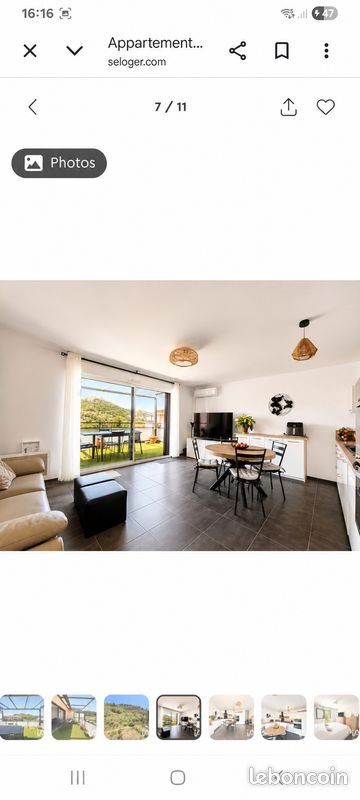 Appartement à vendre, 69m², Auriol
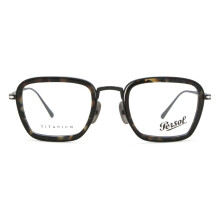 Persol PO5013VT 8015 Unisex New Eyeglasses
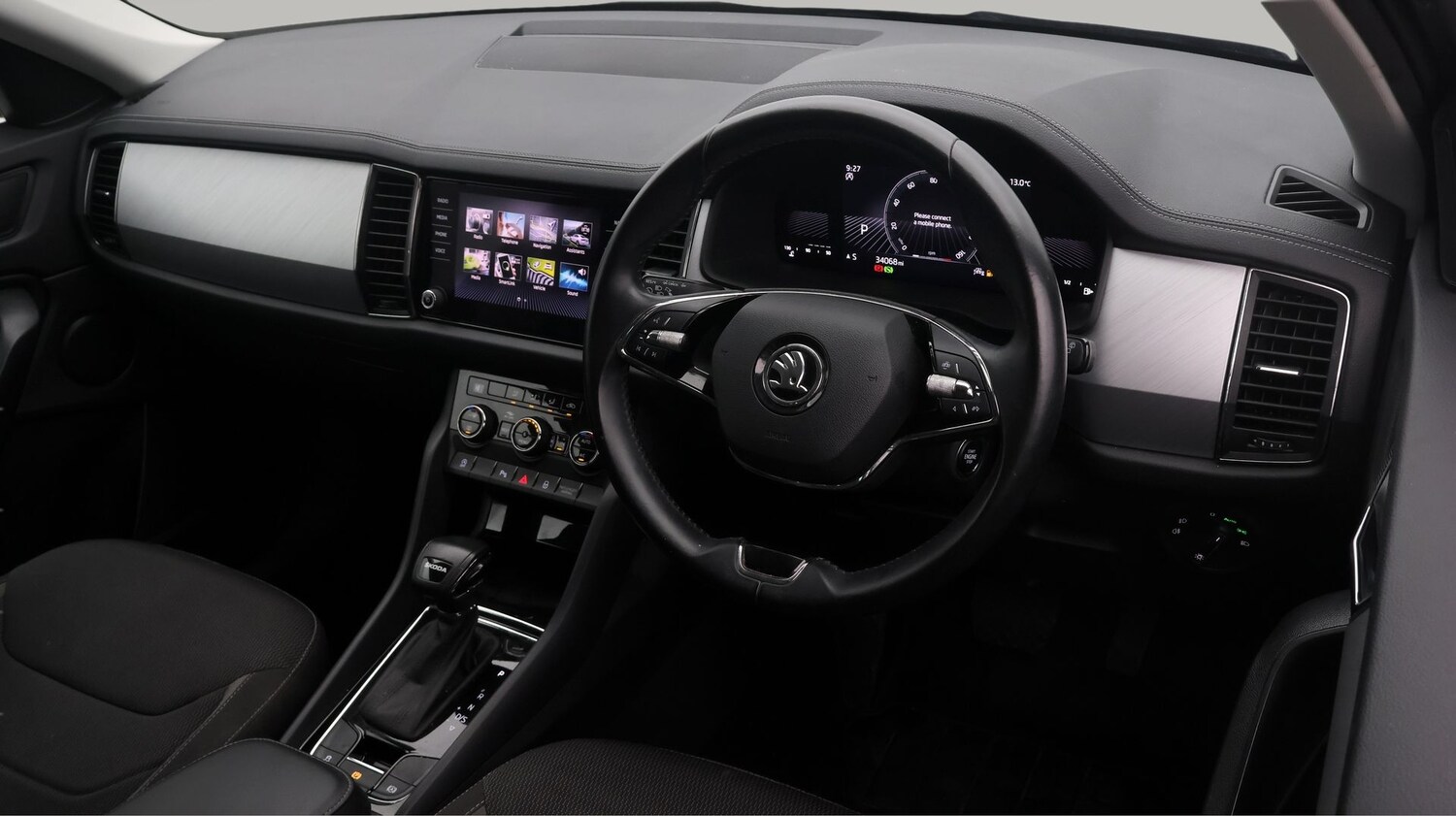 Used Skoda Kodiaq 2022 for sale - 78090600: Photo 9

What to do: Please print exactly the lines running from the line with "Persol PO5013VT 8015 Unisex New Eyeglasses" through the final line of the material, and nothing more. Keep pictures out.

Result of the exercise:
 Persol PO5013VT 8015 Unisex New Eyeglasses
 Used Skoda Kodiaq 2022 for sale - 78090600: Photo 9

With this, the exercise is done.